Friendship Defined

There’s an old saying, “You can’t pick your family, but you can pick your friends.”

The word friend can mean different things to different people. And of course, there are different types of friends; neighbor friends, work friends, childhood friends, casual friends, social friends, couples friends, family friends and the best of all, the jewels of friendship, the close friends. Defining friendship is something we do throughout our lives especially at the times when we need them the most. This is when we separate the men from the boys so to speak, or in female terms, the women from the girls. When any type of difficulty or tragedy occurs in someone’s life the one thing they need the most is to be loved unconditionally, surrounded and supported by those they know they can trust and count on, that they know value the friendship between them and care enough to say, “I’m so very sorry for your pain. I wish I could do something to take that pain away but I’m here without judgement or ill motives, and I’m not going anywhere.” That’s the time when we separate the women from the girls, the boys from the men. This is when those old and lifelong friends you’ve lost touch with reach out and rally around you with love and support. Of course we all know there’s nothing anyone can do to take away pain and suffering when it’s pain from a loss or devastating situation or betrayal of any kind, but the friendships that surround us when these things occur in life, see us through. Never allow anyone to be cruel or bully you into hurrying up or “shutting up” about what you’re feeling or “healing” on their time for their own agenda because it’s inconvenient or uncomfortable for them. This time is yours. Never allow them to devalue or minimize your pain. No one has the right to do that to another. It is real and it is yours. No one knows your pain as well as you and a true friend will not make judgements about you, how quickly you’re healing, or attempt to minimize or devalue your pain during this difficult process for their own selfish, judgmental and unfeeling reasons.

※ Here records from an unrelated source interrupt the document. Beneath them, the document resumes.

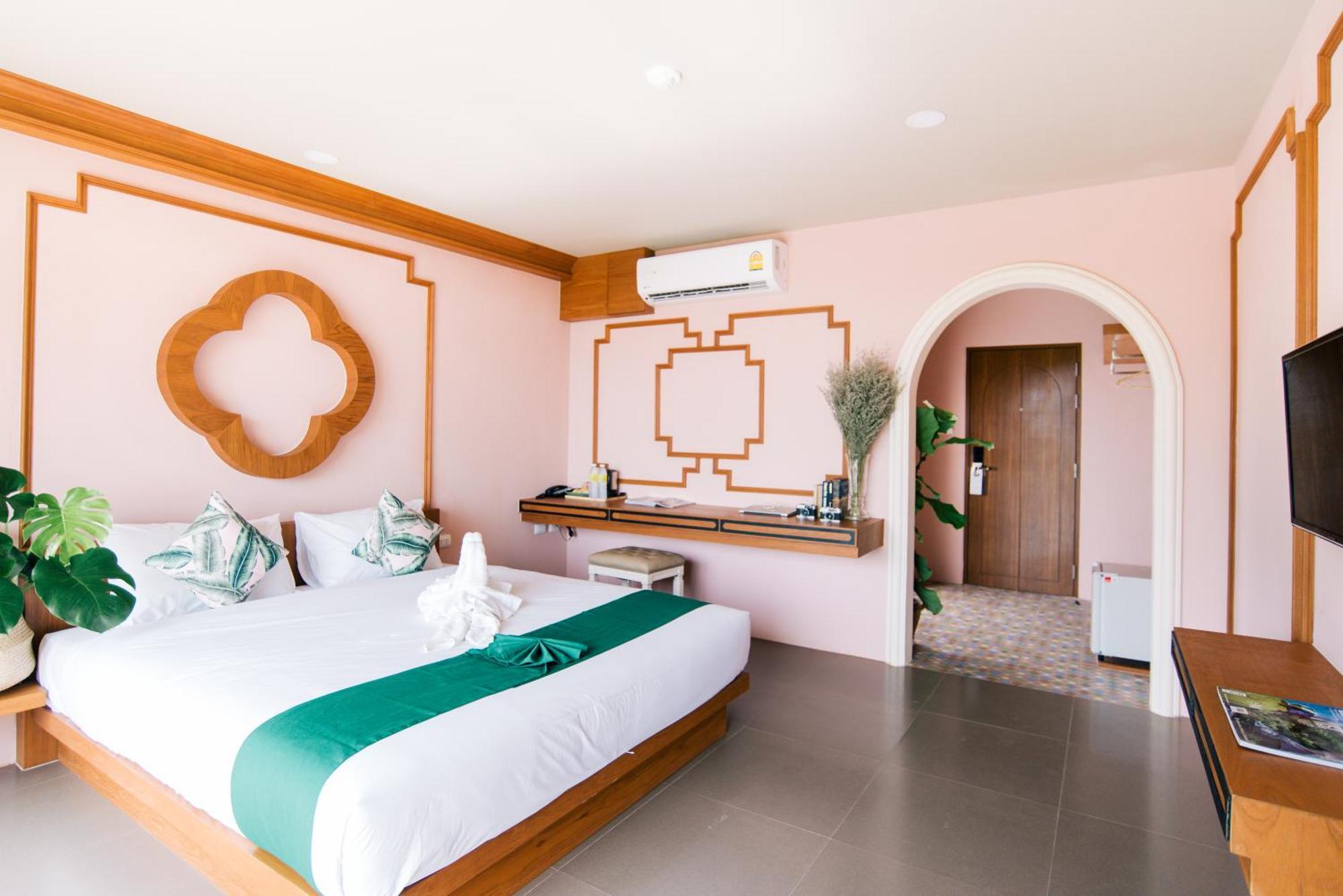 The Pineapple Hotel Krabi town Екстериор снимка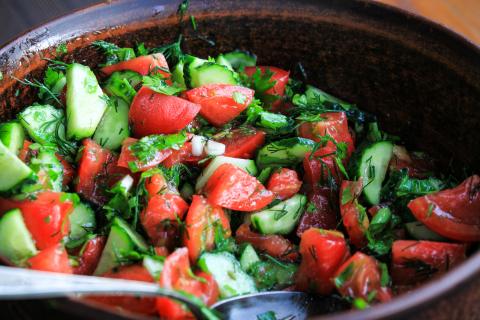 Cucumber tomato salad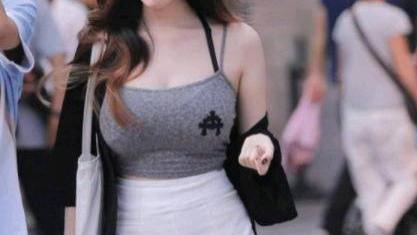 微胖少妇，白色小短裤，呈现白皙美腿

Sometimes we find friends in the most unlikely places and the ones we expected to see us through and be true through the terrible storm disappear from view or betray the friendship all together. Sometimes people appear to assist that you never expected to be in your corner. Perhaps they’ve been through a similar pain, or simply reach out to you from a place of compassion and kindness. Perhaps you never knew how much they thought of you as a person and now is the time to tell, support and show you. The reasons for disappearing may vary, not wanting to see the truth of matters because it’s inconvenient, perhaps it brings about memories of their own that are too painful to face or reconcile with, or perhaps they were not a friend for honest or the purest of reasons to begin with. Either way, it’s sometimes a necessary chore to “clean house” of the people who bring you further pain and more negativity in your greatest time of need. This allows for more time focused to celebrate the ones in your life who positively lift you up, encourage you, and allow you to grieve at your own pace and in your own time without judgements or cruelties. For they know this is temporary and time heals, or at the very least allows more time for the scar to form over. When that time has come and the metamorphosis of healing has completed, the bonds of friendship will be even stronger and have more value than ever imagined. As another old saying goes, “Make new friends but keep the old. One is silver and the other gold.”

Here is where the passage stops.